The subject this time? Childhood obesity.
Yesterday Leona Aglukkaq, Canada's Minister of Health, launched a national "Summit on Healthy Weights" geared to discuss childhood obesity.
Her opening statement includes these remarks,
"We're here because this public health challenge requires our collective commitment and action."So what's my problem? Those sure sound like important things, a call to action and a cross sectional representation of experts to help guide said action sound necessary.
"Today's Summit on Healthy Weights is another milestone that will move us forward in creating lasting change for children and their families. It represents a "first" in bringing together such a broad cross section of partners to address this issue."
Sure, except that we've said and done those things before, just 5 short years ago, and at taxpayers' expense.
Back in 2006 the House's Standing Committee on Health, over the course of eight months, heard hours and hours worth of testimony (including mine) which in turned helped to shape their March 2007 report Healthy Weights Healthy Kids.
How much expert testimony and consideration? By my count, over eight months the Committee heard 111 different experts representing 65 different public and private institutions which they then summarized in a formal 60 page report with 42 explicit recommendations.
Does anyone think that the science has change dramatically over the course of the past 5 years? Was 111 different experts too few?

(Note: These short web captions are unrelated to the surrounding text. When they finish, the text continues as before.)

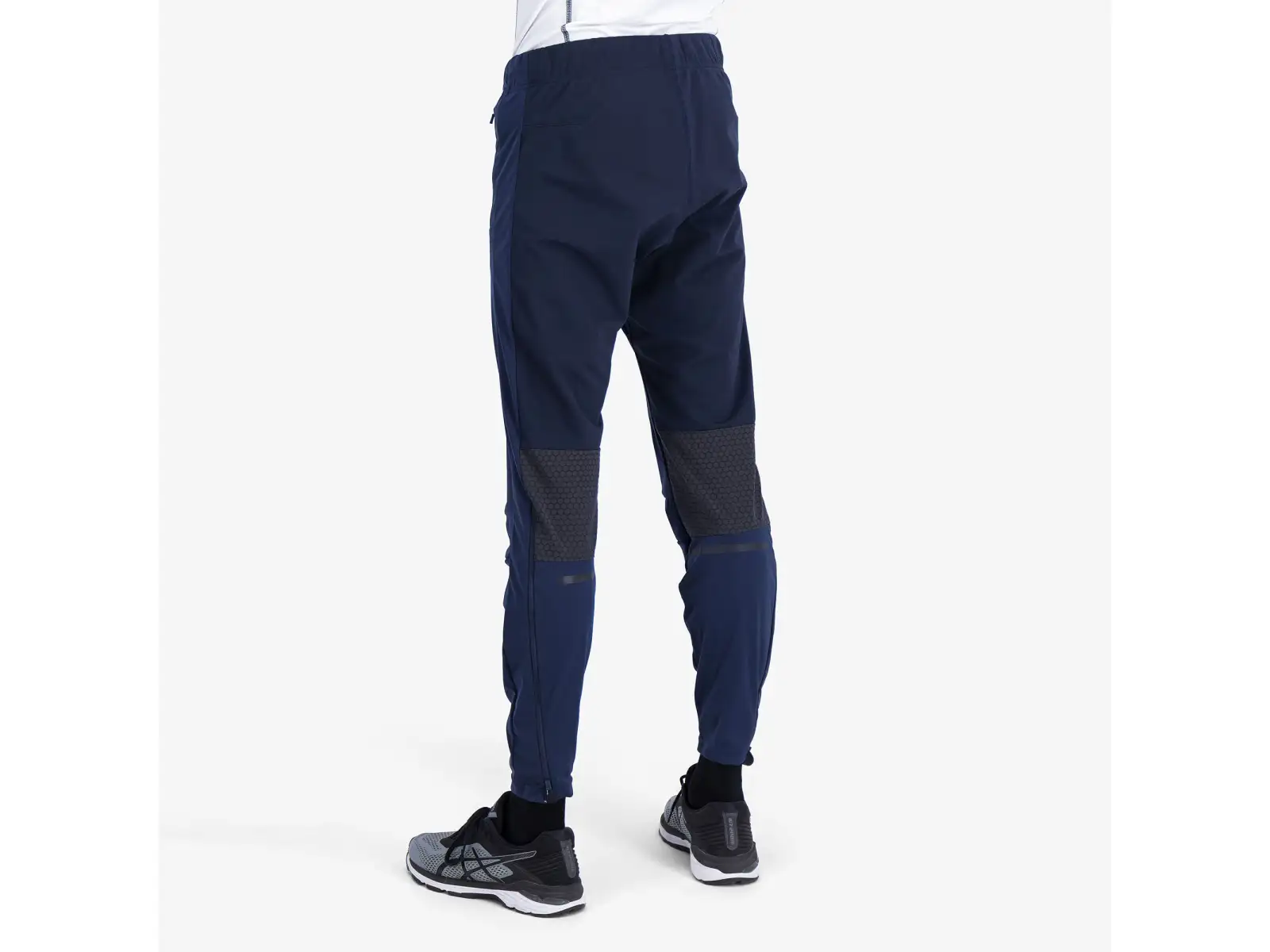 Swix Dynamo męskie spodnie Dark Navy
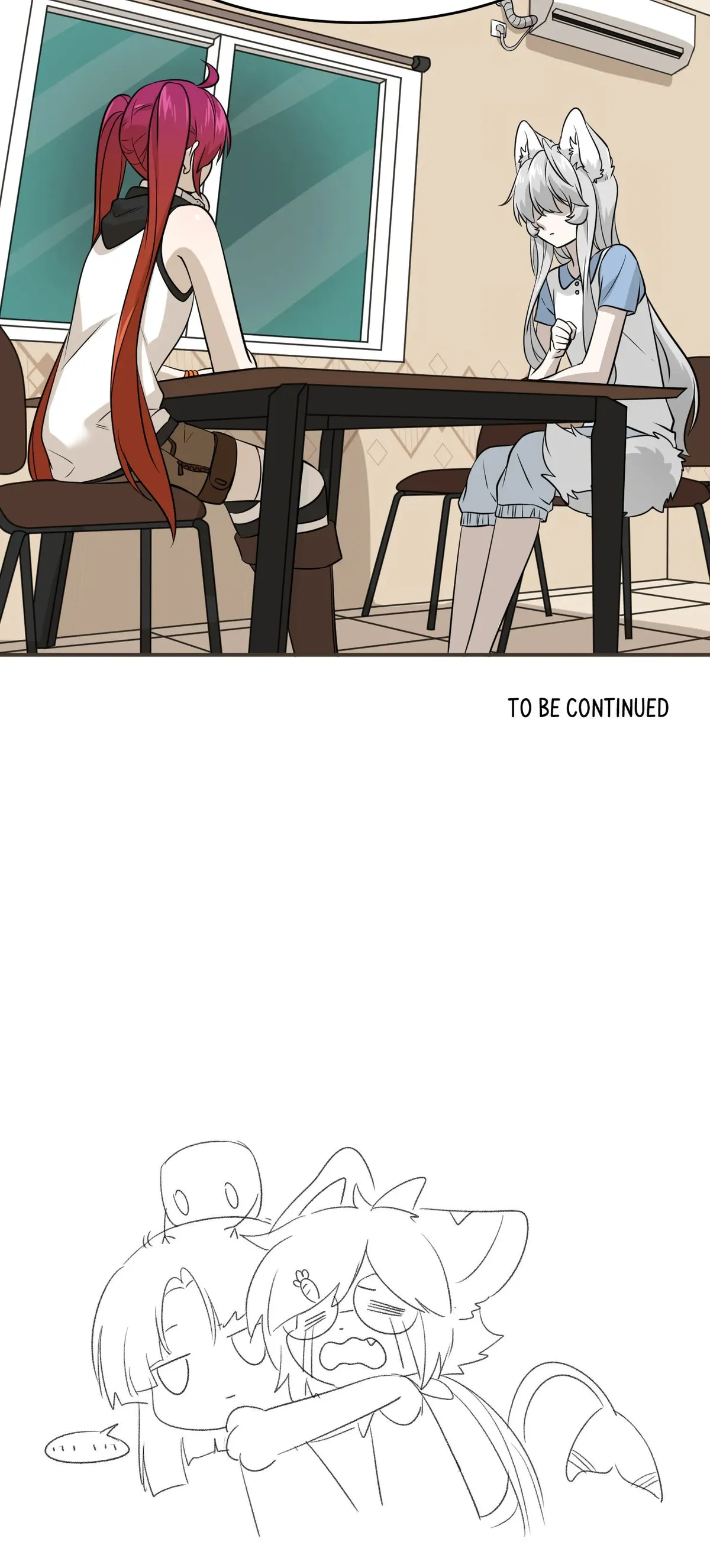 My Food Looks Very Cute Chapter 23 Online - página 25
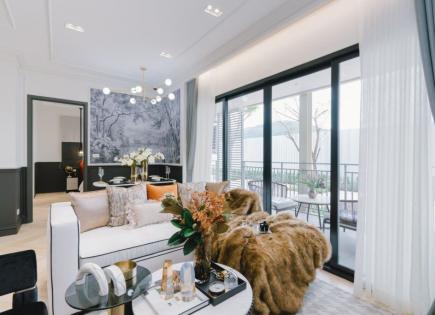 Apartamento para 305 378 euro en la isla de Phuket, Tailandia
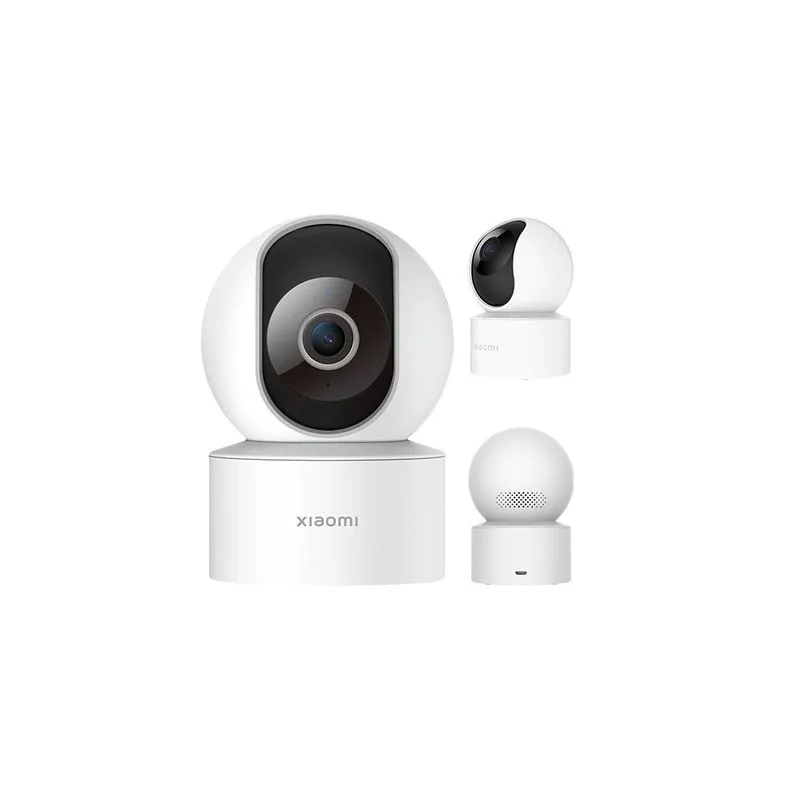 Xiaomi Smart Camera C200 — фото 1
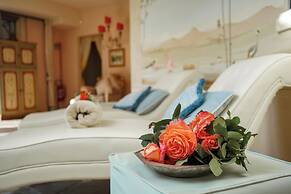 Il Falconiere - Relais e Chateaux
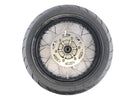 Yamaha XT 660 DM01 [2004] - Rueda de llanta de la rueda trasera 4.24 x 17 "-2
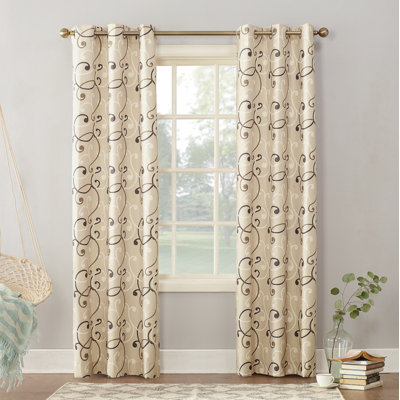 Curtains Amp Drapes You Ll Love Wayfair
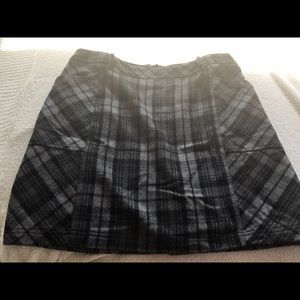 Eddie Bauer skirt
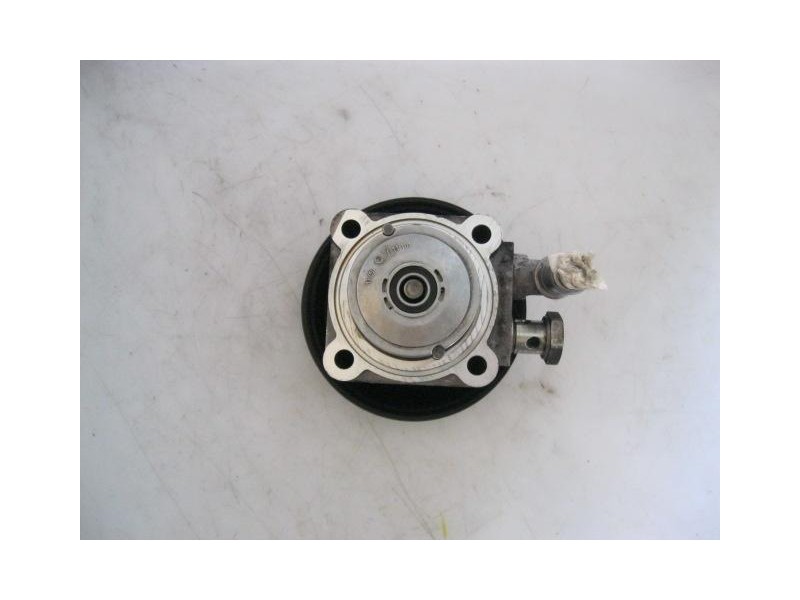 Recambio de bomba dirección : opel vectra : 2.0 dti d-y20dth (100,65cv)4p [2001] para opel vectra 2.0 dti d-y20dth  (100,65cv 2.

Why are we duplicating a 5 year old effort, and why are we paying for that effort's duplication?
At this point we desperately, desperately need action and sure maybe we need a Summit once we've gone ahead and implemented those first 42 recommendations (because there's no doubt, we're still going to be in a world of hurt even once/if we implement them all), but until then, do we really need to still be discussing where to start?
In terms of recommendations from Healthy Weights Healthy Kids, they were split over 13 subheadings and included:
- More research into childhood obesity
- More funding for advertising campaigns designed to educate about childhood obesity
- A call to implement the findings of the trans-fat task force
- Research on the special needs of first nations Canadians in the battle on obesity
- Improvement of nutrition labeling
- Better data collection for research
- The sharing of data with health professionals
- The identification of what will become the "lead agency" on childhood obesity in Canada
- The finding of means to reduce the costs of "nutritious" foods to the more remote parts of Canada
- The tracking of children's' involvements in sports
- Improvement of school health and fitness curricula
- New funding for improved infrastructure in schools for healthy fitness and food choices
- The evaluation of the efficacy of the ban against advertising to children in Quebec.
Of which to the best of my knowledge Health Canada has implemented a grand total of none.
So for those keeping score, it's breathtakingly hypocritical to talk of a need for a commitment to action when to date your office has been dedicated to explicit and deliberate inaction, and it's an outright lie to suggest that this summit is a first at bringing a broad spectrum of experts together to discuss childhood obesity.
Ultimately this is just more of the same from Aglukkaq and Health Canada - politicized inaction, hypocrisy and lies.
Anyone out there willing to wager that if recommendations actually come from the Summit, that they're not either rejected out of hand or simply brushed under the rug of time, cause I'm guessing that just like everything else that's come across her desk that might actually benefit the health of Canadians, Leona Aglukkaq's going to find some way to either avoid or ignore them.